Brisbane Road boss reflects to 3-2 defeat against Crawley Town, the chances they missed and the goals they conceded

Leyton Orient head coach Ian Hendon admitted his side didn’t defend well enough against Crawley Town after suffering a 3-2 defeat at Broadfield Stadium.

When Jay Simpson put them ahead after eight minutes it seemed like the O’s could go on and take all three points from the Red Devils.

They had plenty of chances to add to their tally, but failed to and conceded in the 27th minute when Roarie Deacon was given too much space on the edge of the area.

Mitch Hancox then caught Alex Cisak out at his near post before things got even worst as Alan Dunne tangled with former Dagenham & Redbridge forward Rhys Murphy inside the penalty area on the stroke of half time.

Although their didn’t seem like much contact, Crawley were awarded a spot-kick and Dunne was given his marching orders.

Simon Walton converted the penalty and although Simpson pulled one back late on, the O’s fell to a 3-2 defeat.

The Orient boss discussed the incident just before the break afterwards, he said: “We have looked at it.

“Dunne is going back in and it looked very clumsy and like a penalty, I’ve got to be honest. I don’t think it should have been a sending off.

“When you look closely at the video, the lad has already gone on his way down before anyone else gets near him.

“That is initially what I thought, but then the referee gives it and you go with it. But when we have looked at the video, the lad has played for it.”

Although it was a frustrating decision for the visitors to take, they didn’t defend well enough at Broadfield Stadium.

Adam Chicksen allowed Deacon too much space for the first while Cisak should have done better for the second.

Hendon added: “I don’t think the defensive errors are down to our formation because we have taken the game to Crawley for long periods, even in the second half with 10 men.

“I just think defensively we need to switch on.
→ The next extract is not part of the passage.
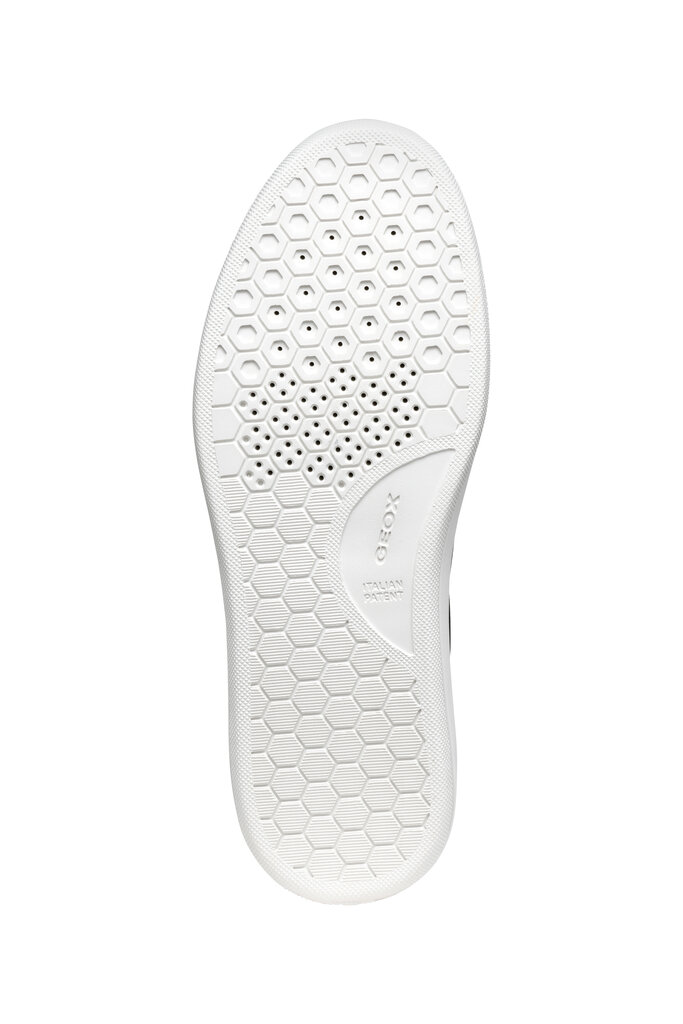 GEOX Deiven Navy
For the penalty we are a bit forward with defenders bombing on, trying to get forward and join in.

“But Crawley come back and play down the side where our defences vacate so there is a lot of work to be done.”

Orient arguably should have been further ahead by the time Crawley equalised in the 27th minute with Simpson missing a great opportunity.

He did score three minutes later, but the effort was ruled out because Ollie Palmer was in an offside position.

But after watching back on the video, the O’s boss insisted that should have countered.

“We did start brightly and it could have been a lot better as well. We have scored one, had one ruled out for offside and if the officials look closely at that they will see the centre half is in line with Ollie,” said Hendon.

“It is just the fact the Ollie is the first blue shirt the linesman on this side sees. If the linesman had been the other side of the pitch he probably wouldn’t have seen it.

“That was an opportunity. Jay went through and should have scored so we could have been two or possible three up, but I can’t keep talking about that. Defensively today we made mistakes.”